== TASK TO COMPLETE ==
Take the whole listing and reproduce it exactly, pictures excepted.

== GIVEN INFORMATION ==
╭──

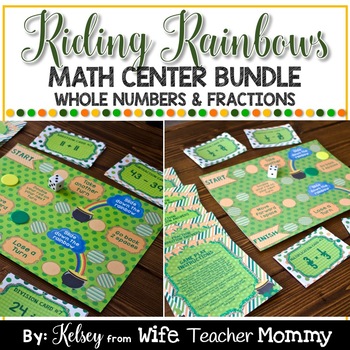 Preview of St. Patrick's Day Math Bundle- Fractions and Whole Number Operations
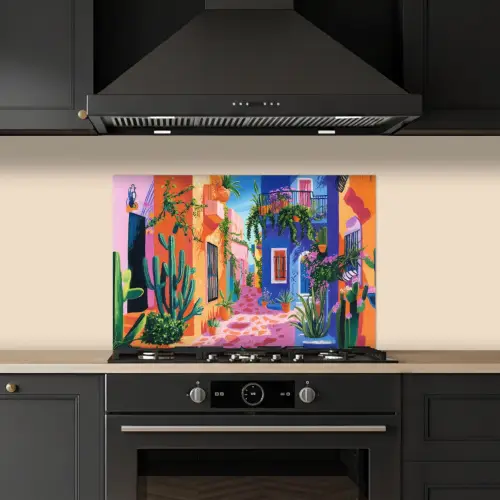 Geel - Blauw - Oranje - Huis keuken achterwand spatscherm klein -sfeer1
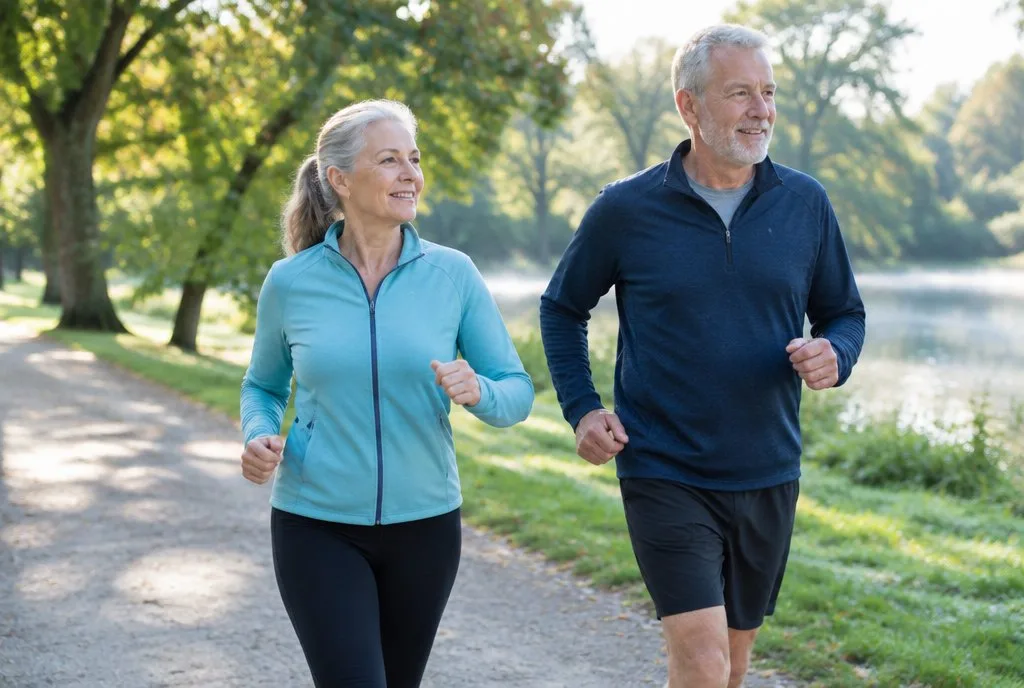 Maintaining Health Among Aged Groups older couple walking briskly on a park path in the morning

╰──

== SOLUTION FOR THIS PROBLEM ==
 Preview of St. Patrick's Day Math Bundle- Fractions and Whole Number Operations
 Geel - Blauw - Oranje - Huis keuken achterwand spatscherm klein -sfeer1
 Maintaining Health Among Aged Groups older couple walking briskly on a park path in the morning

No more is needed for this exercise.